My one remaining gripe about DS9‘s finale is the fate of Ben Sisko (Avery Brooks). I get it, it makes sense, but as a fan I just didn’t want it to happen. Not to mention that coming, as it does, at the explosive end of the Dominion War, upon first viewing it couldn’t help but feel random and anticlimactic.
2. Star Trek: Picard – “The Last Generation”
With “The Last Generation”, Star Trek: Picard gives fans not only one of the best series finales in the franchise, but one that redeems the show as a whole. The first two seasons of Picard are very uneven, while both the final season and its conclusion are largely embraced by both fans and critics.
“The Last Generation,” like much of Picard‘s final season, is a love letter to Trek. From the triumphant return of the Enterprise-D to Walter Koenig’s surprise voice cameo to all of the many visual and musical nods to series and movies of the past, it’s “fan service” but in the best meaning of the phrase.
1. Star Trek: The Next Generation – “All Good Things…”
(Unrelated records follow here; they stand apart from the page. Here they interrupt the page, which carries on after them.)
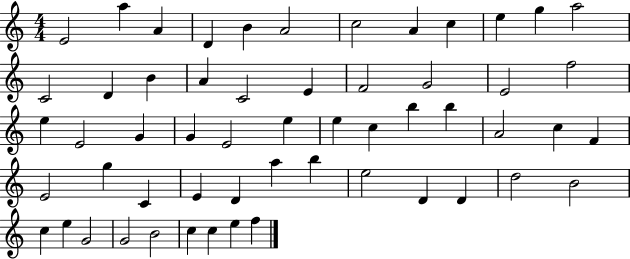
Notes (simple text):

E4/h A5/q A4/q D4/q B4/q A4/h C5/h A4/q C5/q E5/q G5/q A5/h C4/h D4/q B4/q A4/q C4/h E4/q F4/h G4/h E4/h F5/h E5/q E4/h G4/q G4/q E4/h E5/q E5/q C5/q B5/q B5/q A4/h C5/q F4/q E4/h G5/q C4/q E4/q D4/q A5/q B5/q E5/h D4/q D4/q D5/h B4/h C5/q E5/q G4/h G4/h B4/h C5/q C5/q E5/q F5/q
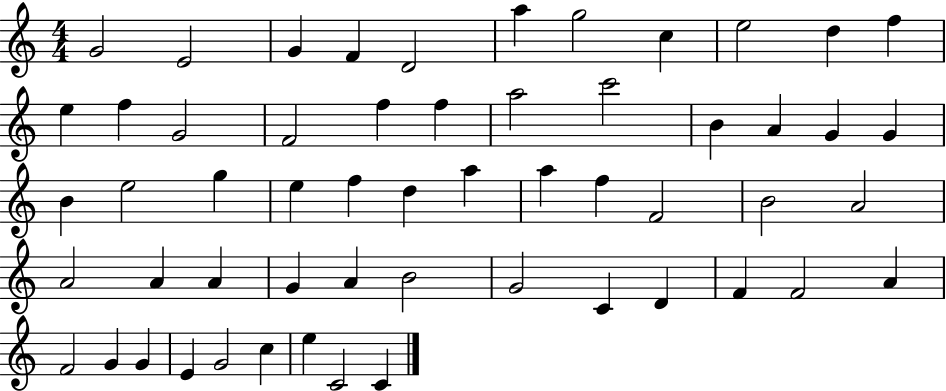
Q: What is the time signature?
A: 4/4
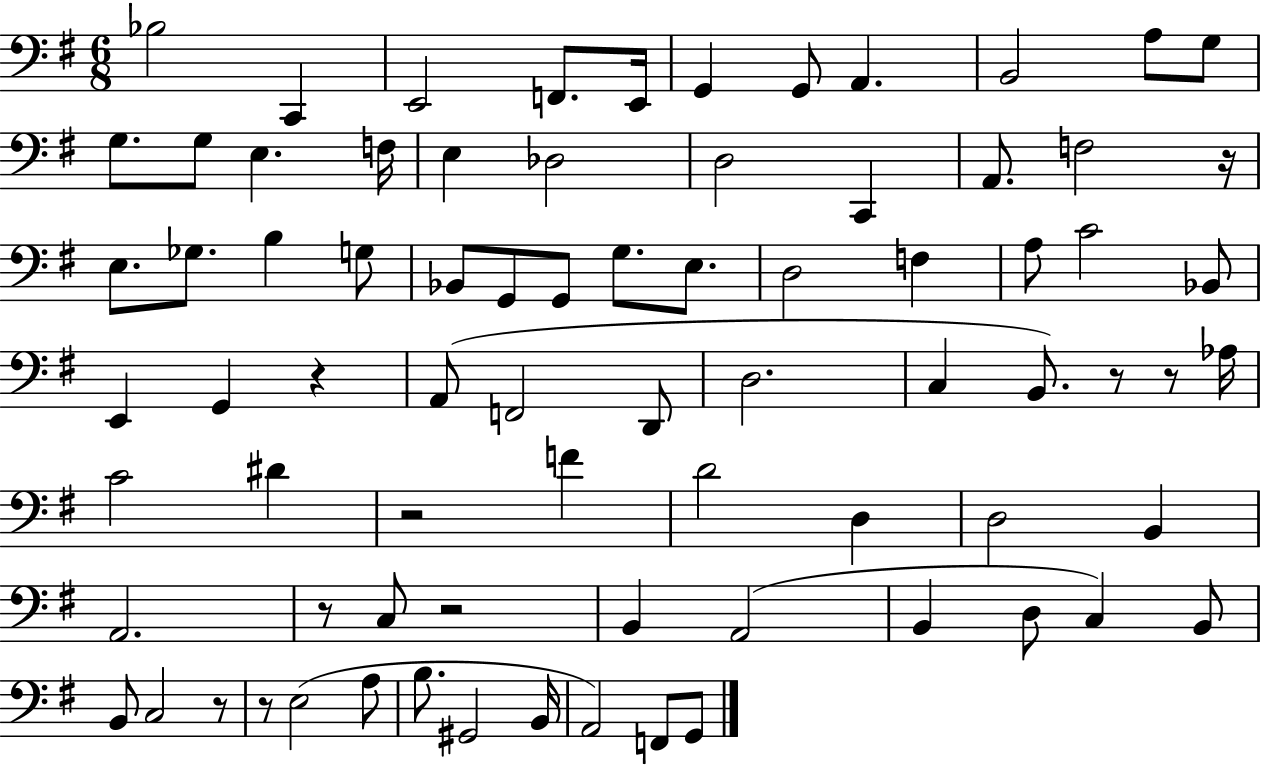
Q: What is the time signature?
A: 6/8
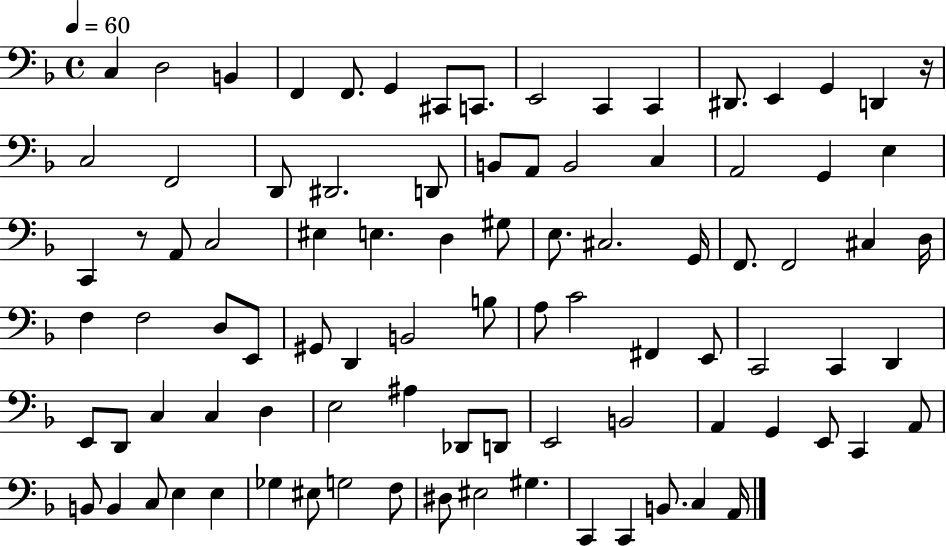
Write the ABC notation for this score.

X:1
T:Untitled
M:4/4
L:1/4
K:F
C, D,2 B,, F,, F,,/2 G,, ^C,,/2 C,,/2 E,,2 C,, C,, ^D,,/2 E,, G,, D,, z/4 C,2 F,,2 D,,/2 ^D,,2 D,,/2 B,,/2 A,,/2 B,,2 C, A,,2 G,, E, C,, z/2 A,,/2 C,2 ^E, E, D, ^G,/2 E,/2 ^C,2 G,,/4 F,,/2 F,,2 ^C, D,/4 F, F,2 D,/2 E,,/2 ^G,,/2 D,, B,,2 B,/2 A,/2 C2 ^F,, E,,/2 C,,2 C,, D,, E,,/2 D,,/2 C, C, D, E,2 ^A, _D,,/2 D,,/2 E,,2 B,,2 A,, G,, E,,/2 C,, A,,/2 B,,/2 B,, C,/2 E, E, _G, ^E,/2 G,2 F,/2 ^D,/2 ^E,2 ^G, C,, C,, B,,/2 C, A,,/4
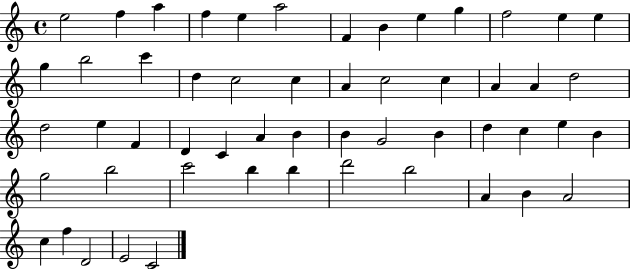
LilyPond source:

{
  \clef treble
  \time 4/4
  \defaultTimeSignature
  \key c \major
  e''2 f''4 a''4 | f''4 e''4 a''2 | f'4 b'4 e''4 g''4 | f''2 e''4 e''4 | \break g''4 b''2 c'''4 | d''4 c''2 c''4 | a'4 c''2 c''4 | a'4 a'4 d''2 | \break d''2 e''4 f'4 | d'4 c'4 a'4 b'4 | b'4 g'2 b'4 | d''4 c''4 e''4 b'4 | \break g''2 b''2 | c'''2 b''4 b''4 | d'''2 b''2 | a'4 b'4 a'2 | \break c''4 f''4 d'2 | e'2 c'2 | \bar "|."
}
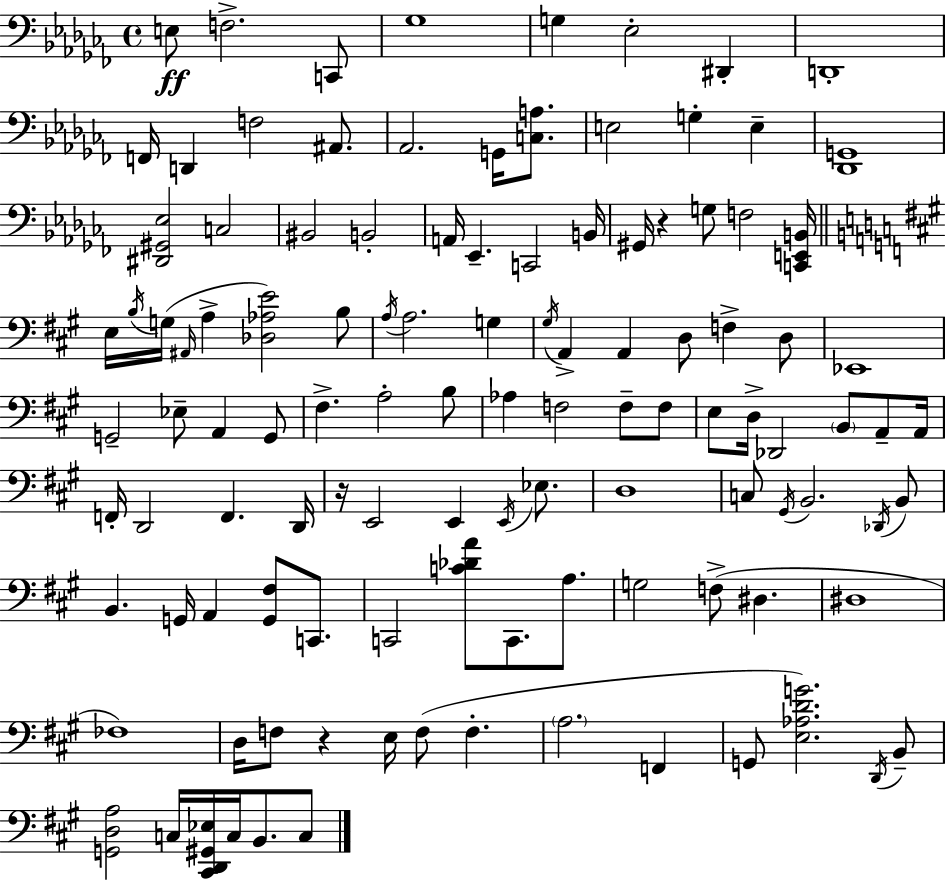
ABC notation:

X:1
T:Untitled
M:4/4
L:1/4
K:Abm
E,/2 F,2 C,,/2 _G,4 G, _E,2 ^D,, D,,4 F,,/4 D,, F,2 ^A,,/2 _A,,2 G,,/4 [C,A,]/2 E,2 G, E, [_D,,G,,]4 [^D,,^G,,_E,]2 C,2 ^B,,2 B,,2 A,,/4 _E,, C,,2 B,,/4 ^G,,/4 z G,/2 F,2 [C,,E,,B,,]/4 E,/4 B,/4 G,/4 ^A,,/4 A, [_D,_A,E]2 B,/2 A,/4 A,2 G, ^G,/4 A,, A,, D,/2 F, D,/2 _E,,4 G,,2 _E,/2 A,, G,,/2 ^F, A,2 B,/2 _A, F,2 F,/2 F,/2 E,/2 D,/4 _D,,2 B,,/2 A,,/2 A,,/4 F,,/4 D,,2 F,, D,,/4 z/4 E,,2 E,, E,,/4 _E,/2 D,4 C,/2 ^G,,/4 B,,2 _D,,/4 B,,/2 B,, G,,/4 A,, [G,,^F,]/2 C,,/2 C,,2 [C_DA]/2 C,,/2 A,/2 G,2 F,/2 ^D, ^D,4 _F,4 D,/4 F,/2 z E,/4 F,/2 F, A,2 F,, G,,/2 [E,_A,DG]2 D,,/4 B,,/2 [G,,D,A,]2 C,/4 [^C,,D,,^G,,_E,]/4 C,/4 B,,/2 C,/2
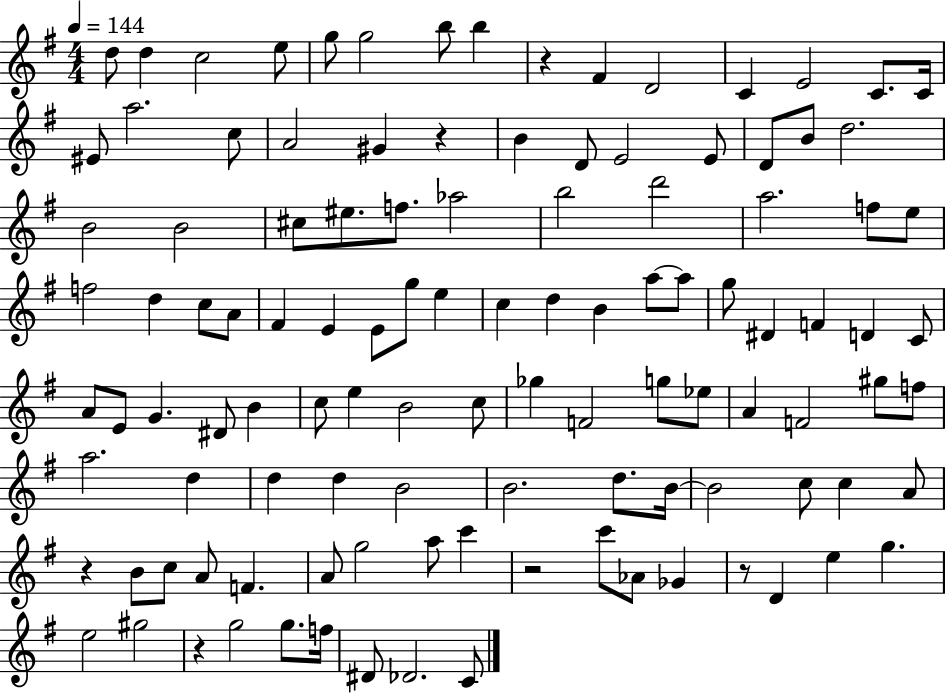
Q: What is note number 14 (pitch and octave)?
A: C4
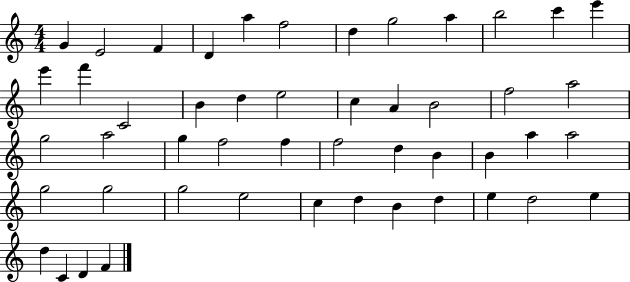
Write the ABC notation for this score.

X:1
T:Untitled
M:4/4
L:1/4
K:C
G E2 F D a f2 d g2 a b2 c' e' e' f' C2 B d e2 c A B2 f2 a2 g2 a2 g f2 f f2 d B B a a2 g2 g2 g2 e2 c d B d e d2 e d C D F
It’s been almost thirty years but “All Good Things…”, the conclusion of Star Trek: The Next Generation still stands above the competition as the best Trek series finale. The two-part story finds Picard experiencing three timelines simultaneously courtesy of Q (John de Lancie) as well as facing his own mortality. It gives fans the opportunity to not only see future versions of their favorite heroes, but a wonderful throwback to the first season.
No, the plot is not perfect, but in every other way it’s not only a brilliant conclusion to The Next Generation, but a wonderful springboard for the crew’s film series.